Lately I’ve been complaining about the media’s adoration of and obsession with the Muslim Brotherhood, today an anonymous reader left an article in my ask box that delves into that very topic.
What role do they play day-to-day?
Their formal title is “the Society of Muslim Brothers”; it is not “the Muslim Brotherhood political party” or anything like that. They claim they have got a broad reform agenda — social, religious, political, educational and so on. Over the past decade they made real strides in the political realm. In the 2005 elections, they got one-fifth of the seats in parliament. After that point, the regime came down on them hard — arrested some top leaders, tried to close down businesses that were associated with Brotherhood supporters, arrested an awful lot of the foot soldiers in the movement, and so on. The organization reacted by saying, “We have to take care of our organization first. We’re in this for the long haul, we think in terms of decades and generations, not in terms of political maneuvering for the next elections.”
So they basically scaled back a little bit of their political movement, and the architects of their political campaign found themselves less influential within the movement. What that means is, the movement right now is led by people who are very cautious and are really trying to preserve the organization. They are probably less skilled in politics like making alliances and speaking to the press. When the current strikes started, therefore, they really reacted in a little bit of a hesitating manner.

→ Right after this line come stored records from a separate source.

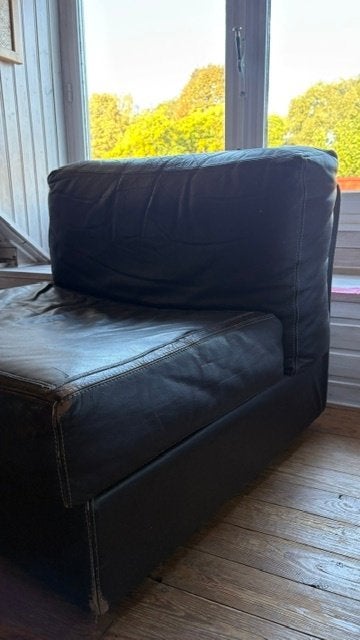 lederen lounge fauteuil / modulaire zetel  "Miu Italia", Moins de 75 cm, Éénpersoons lage, diepe cosy fauteuil, Enlèvement, Utilisé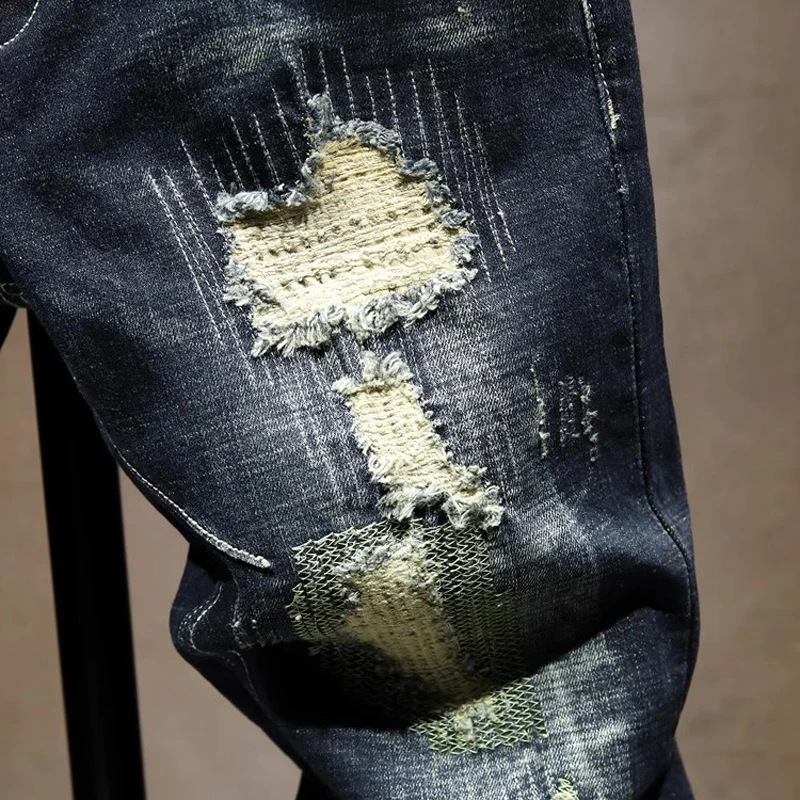 Italian Fashion New Jeans Y2kScratch Washed Nostalgic Stretch Slimming Retro Blue Jeans Designer Pants Hombre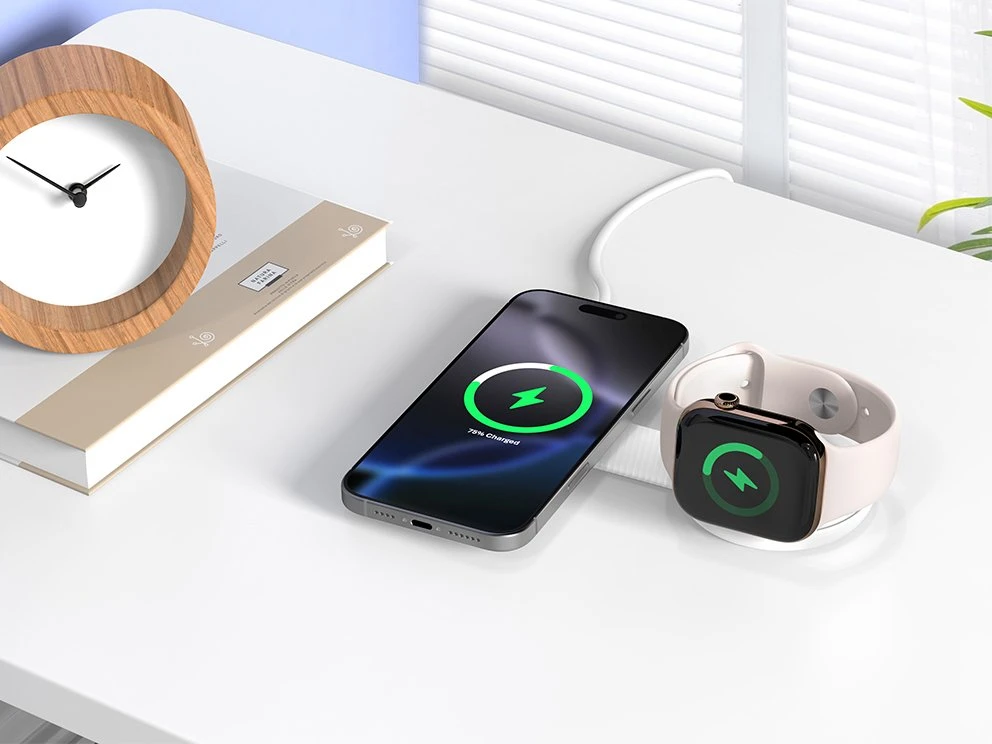 Carruzzo Conceptronic GORGON04W mobiliojo įrenginio kroviklis Išmanusis telefonas, Išmanusis laikrodis Balta AC Belaidis įkrovimas Vidaus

Continue reading and it only becomes increasingly embarrassing for the media,
Somebody said on Fox News today that the Muslim Brotherhood is the “godfather of al-Qaida.” Is there any relationship there, historically or in the present?
You shouldn’t be watching Fox to learn about the Muslim Brotherhood is the lesson from that. Here’s what I would say: The concerns about the Muslim Brotherhood’s relationship to political violence is not based on hallucinations — it is there. In the 1950s and ’60s the Brotherhood did develop this strain of thought that said, the existing government is not Islamic and therefore some kind of armed clash is inevitable. That strain has basically been repudiated by the Brotherhood. In fact, al-Qaida openly and consistently attacks the Brotherhood as having sold out.
What happened was that the sort of ideas that were gestating in the more radical streams of the Brotherhood, those ideas essentially spawned some more radical groups. And they began attacking Arab governments, like the Egyptian government and Algeria, in the 1970s and 1980s. The Brotherhood wanted nothing to do with them. But in a sense you could see there is a common genealogy there.
When those attempts failed in the 1980s and 1990s to overthrow existing Arab governments, the current leaders of al-Qaida — people like Ayman al-Zawahiri, who is Egyptian, and Osama bin Laden, who is Saudi — said: “We’re making a mistake. We’re attacking the Egyptian government, the Saudi government, and the Algerian government. But let’s go to the source, the government that is really backing them, and that’s the United States.”
But in its present form, the Brotherhood is not advocating political violence?
They specifically and repeatedly repudiate it. They have in the last couple days thrown in their lot with this uprising. But as far as they’re concerned, it’s a peaceful uprising, not a violent one.
If you weren’t already disappointed with our experts on television, you’re doing it wrong.